What is the « radix » ?

In the previous example, each pass uses only one binary number at once to create a bucket. It is possible to use more than one binary number. Let’s do an example with two binary numbers at once on this list:

[0110, 0011, 0001, 1010, 1000, 0010, 1001, 0000, 0100, 0101, 0111]
[   6,    3,    1,   10,    8,    2,    9,    0,    4,    5,    7]

If two binary numbers are taken into account, it means that there are 4 possibilities: {11, 10, 01, 00}. For each possibility, we create a bucket.

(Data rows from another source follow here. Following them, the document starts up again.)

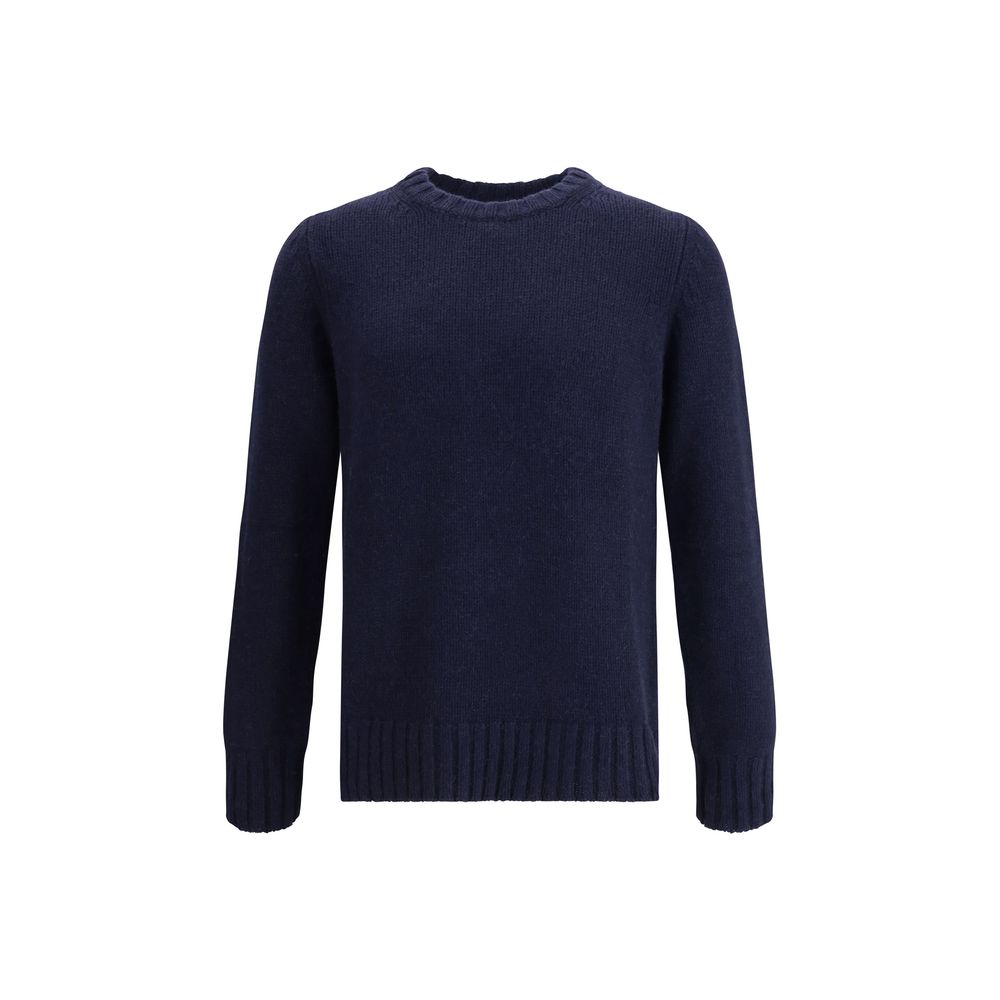 Aragona Cashmere Blå Merino Uld Sweatshirt
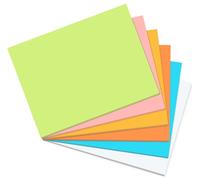 6 notas adhesivas extragrandes, 203 x 152 mm, XXL, autoadhesivas, 6 colores pastel armoniosos, notas adhesivas grandes para pizarra, lista de comprobación, talleres, tarjetas de moderación, 50 hojas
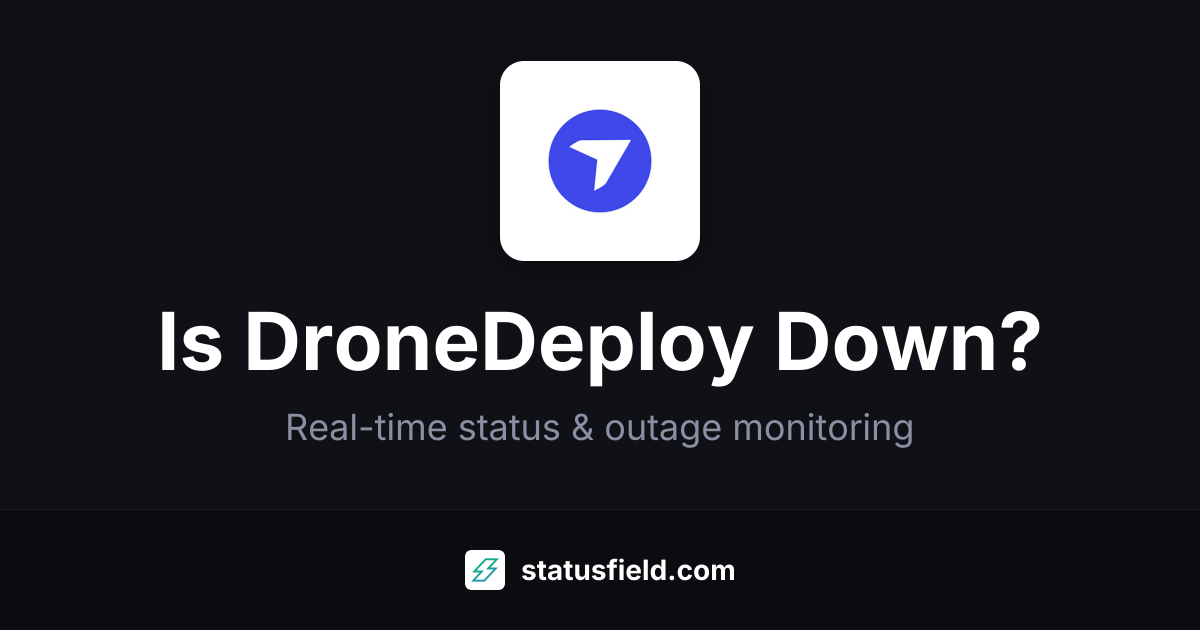 DroneDeploy Safety AI Status — Live Health & Uptime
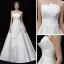 Simple Ivoire Satin Robe De Mariée 2019 Princesse Unique Bustier Sans Manches Dos Nu Longue Volants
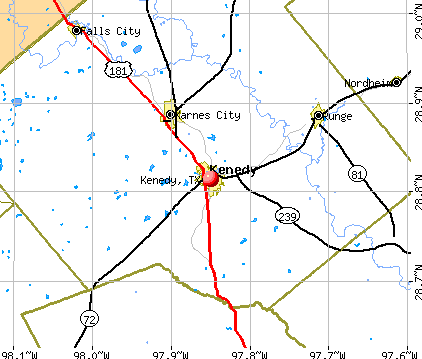 Kenedy, TX map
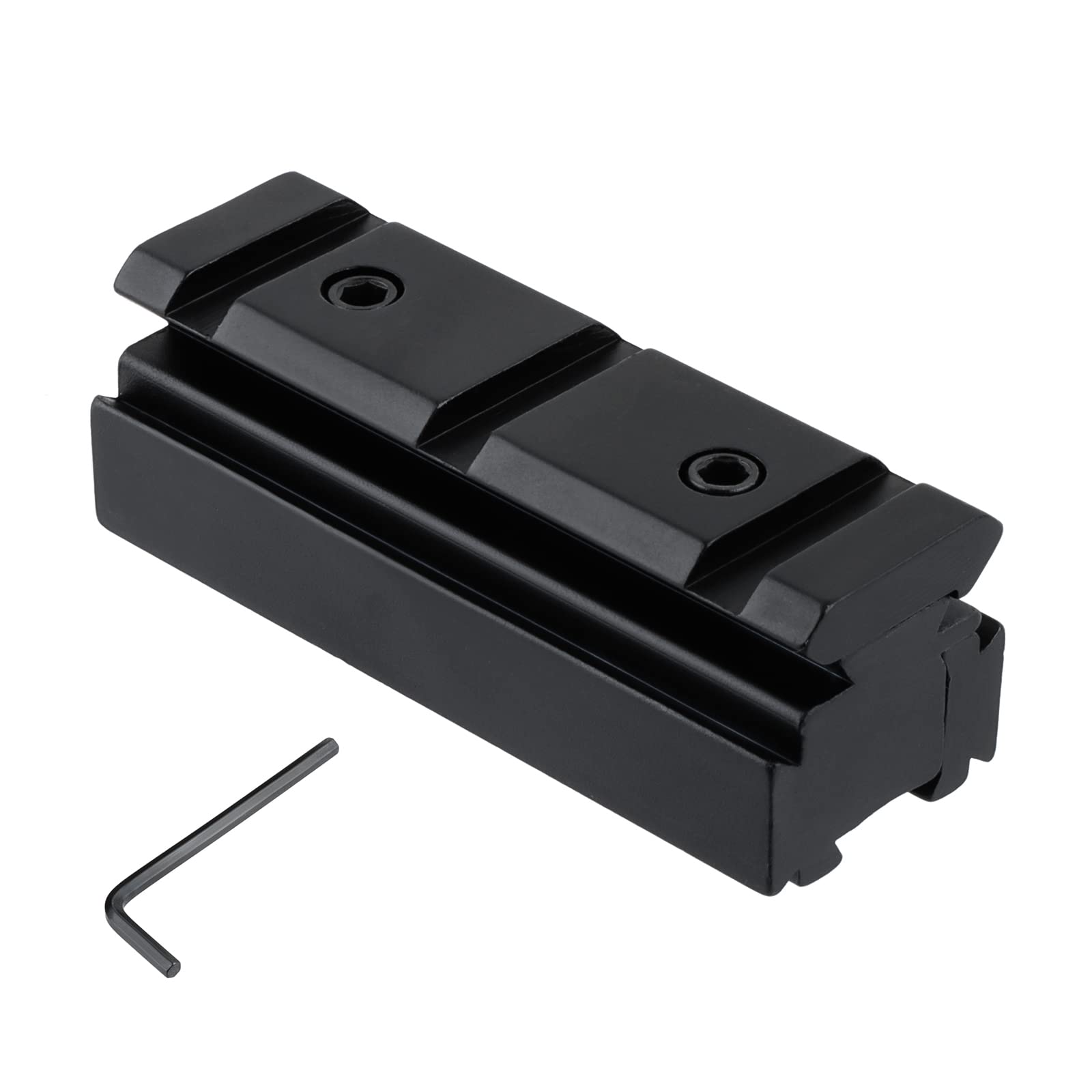 ToopMount 11mm Tri-Mount Dovetail Riser Mount, Rifle Rail Tactical Scope Riser Rail Base Aluminum, 11mm to 20mm Removable Top Rail Mount Adapter for 20 mm or 11 mm Accessories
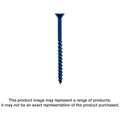 Simpson Strong-Tie TNT18134TFC8 Titen Turbo, 3/16-in. x 1-3/4-in. 6-Lobe Flat-Head Concrete and Masonry Screw, Blue, 8-Pack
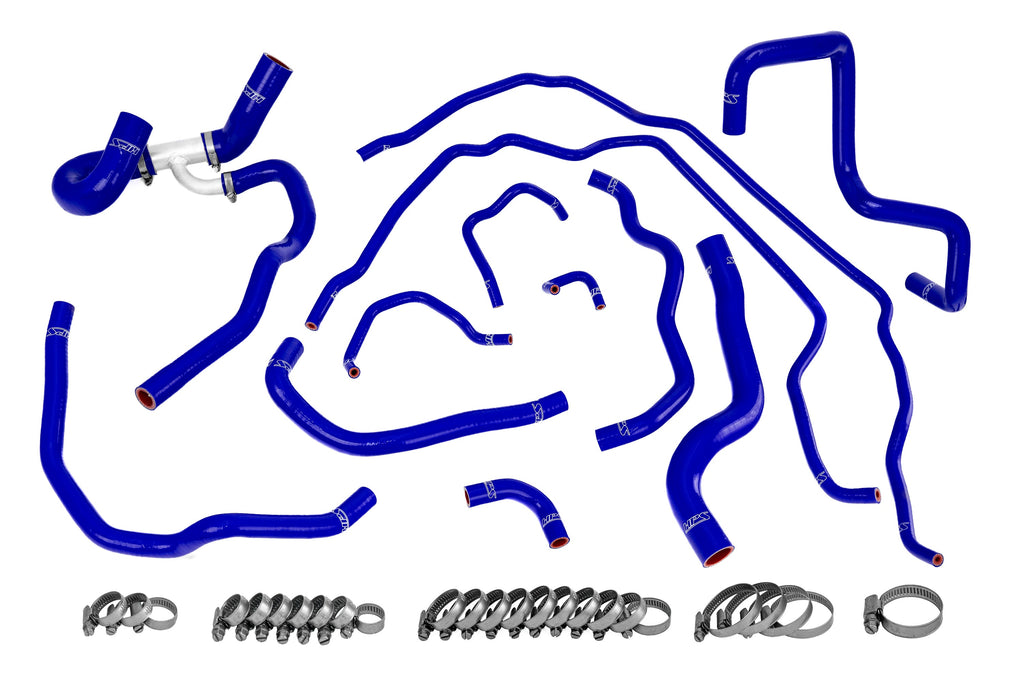 HPS Blue Silicone Radiator/Heater Hose For 2007-2009 Mazdaspeed 3 2.3L Turbo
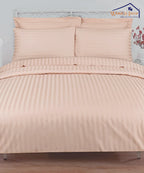 Cream Fitted Bedsheet With Pillow Cover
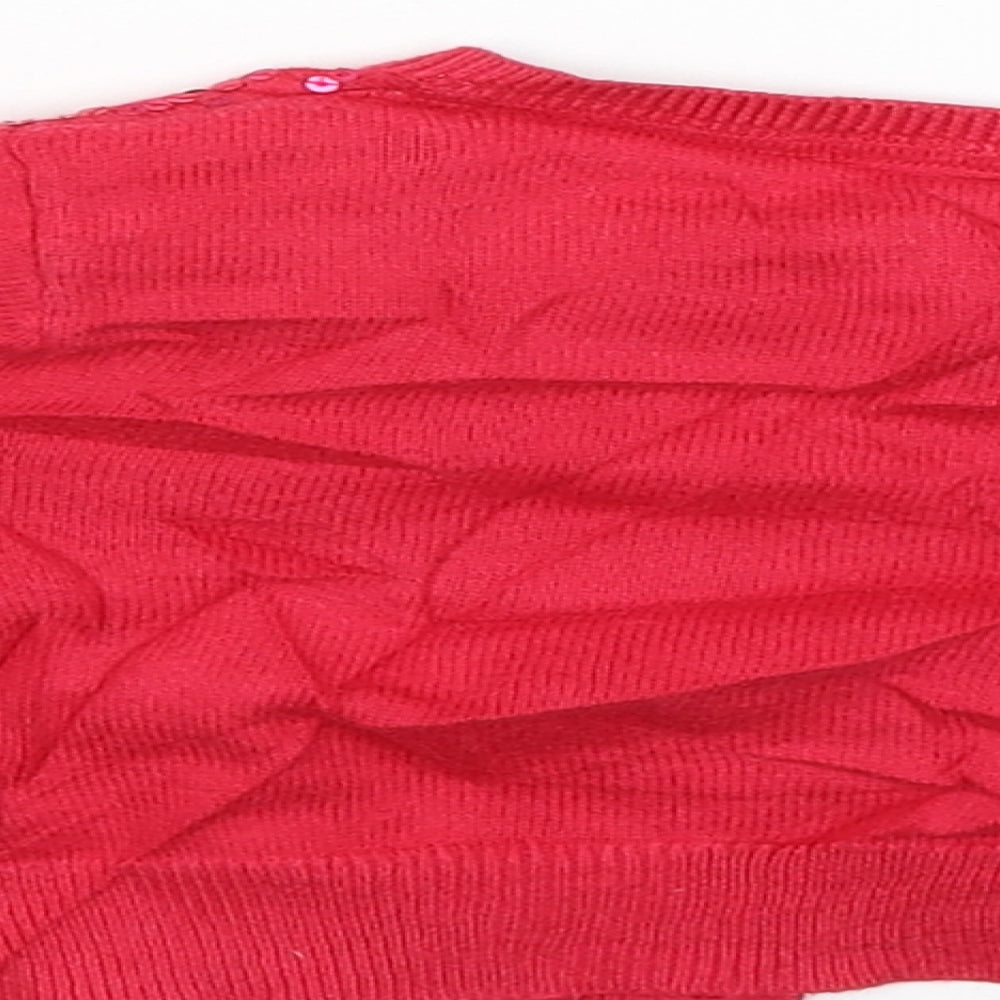 Jasper Conran Boys Red   Cardigan Jumper Size 2-3 Years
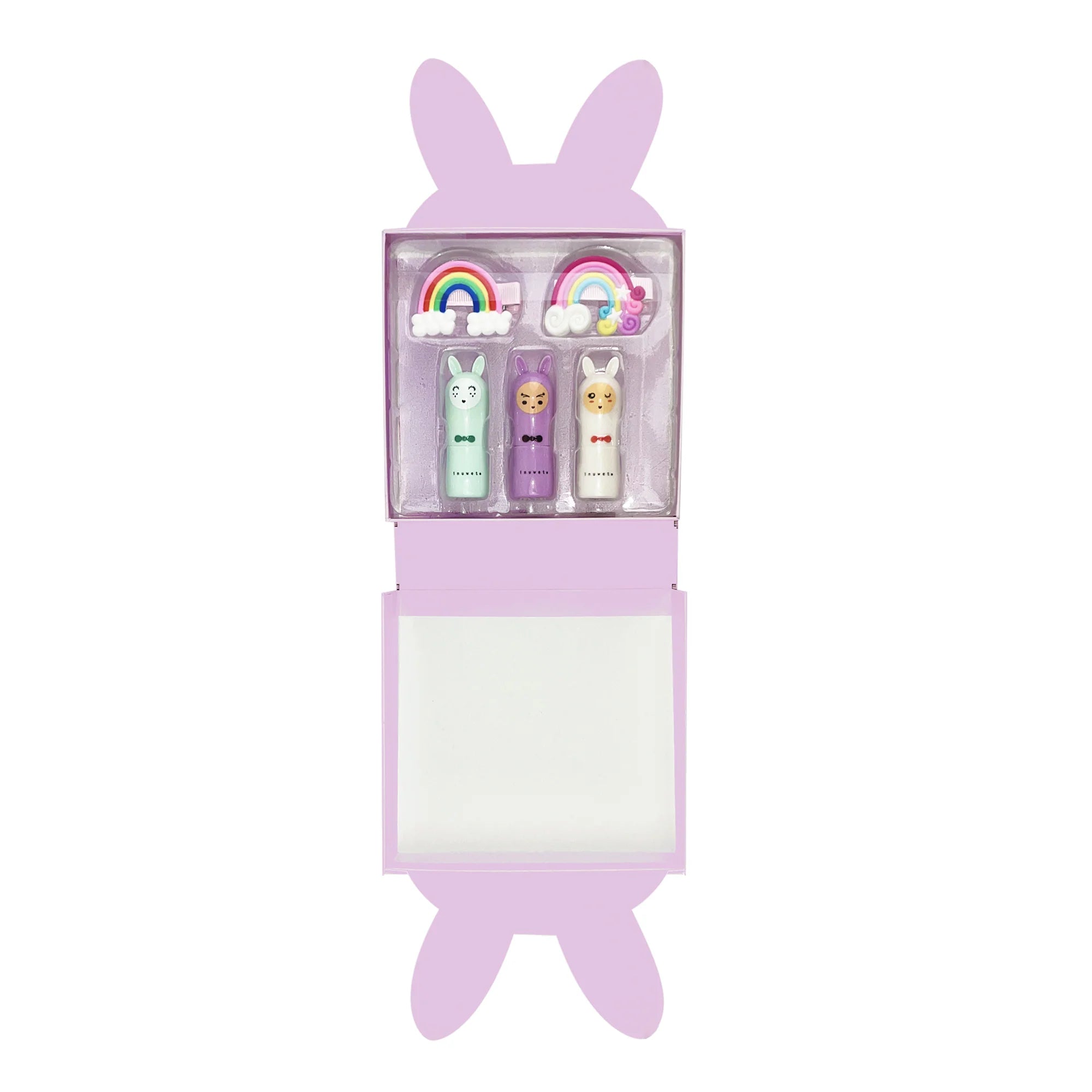 Bunny Box set regalo da 3 Balsami per labbra  vegani - Be Brave Boutique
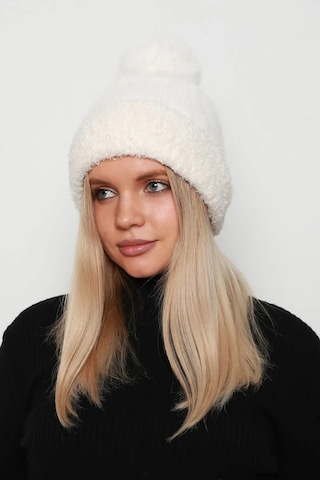 Ponpon Detay Kadın Bere 1136 Ekru Ekru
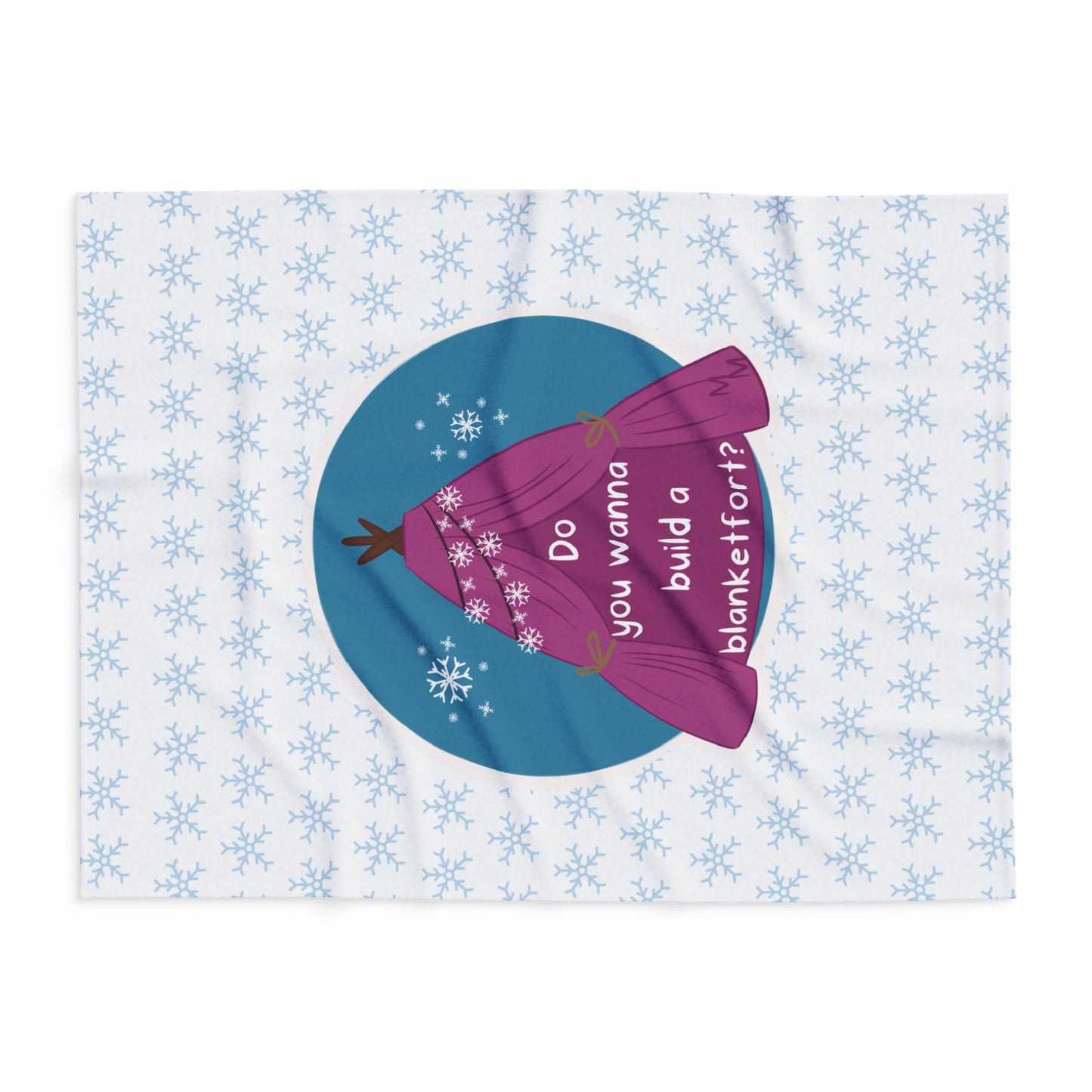 Fleece Blanket - Blanket Fort - Parody Merch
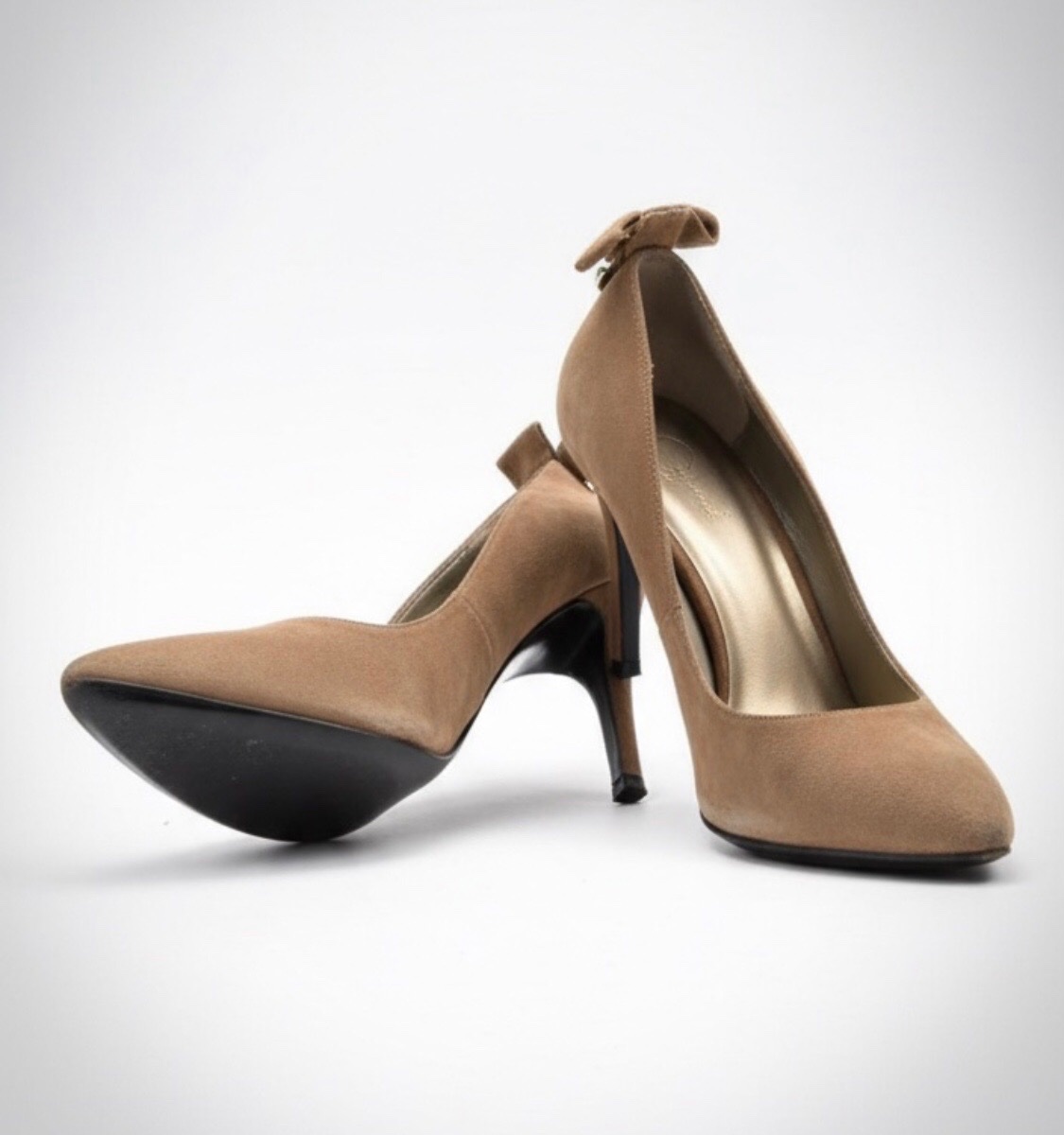 Escarpins  daim camel liujo 38 presque neuf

Let’s do it for the first and the second binary numbers:

[] [1010, 1000, 1001] [0110, 0100, 0101, 0111] [0011, 0001, 0010, 0000]
[] [  10,    8,    9] [   6,    4,    5,    7] [   3,    1,    2,    0]

Now the third and fourth binary numbers:

[1010] [1010] [1000] [0111] [0110] [0101] [0100] [0011] [0010] [0001] [0000]
[  10]    [9]    [8]    [7],   [6],   [5]    [4]    [3],   [2]    [1]    [0]

With only two passes, the list is sorted.

The radix is the number of binary numbers used at once to create buckets.

Intuitively, one can think that it is better to use a big radix because there is less passes to do. What if the list to sort looks like this:

[0, 1000000000000000000000000]

For only two elements, there are too many buckets – despite empty -, this algorithm requires too many memory.

It is a trade-off between the number of passes and the required memory.

To learn more

I explained here only the very basic of how radix sort works. It is also possible to use binary number in reverse order, that is to say, from right to left instead of left to right. If you want to know more, you can start by the Wikipedia page of the radix sort.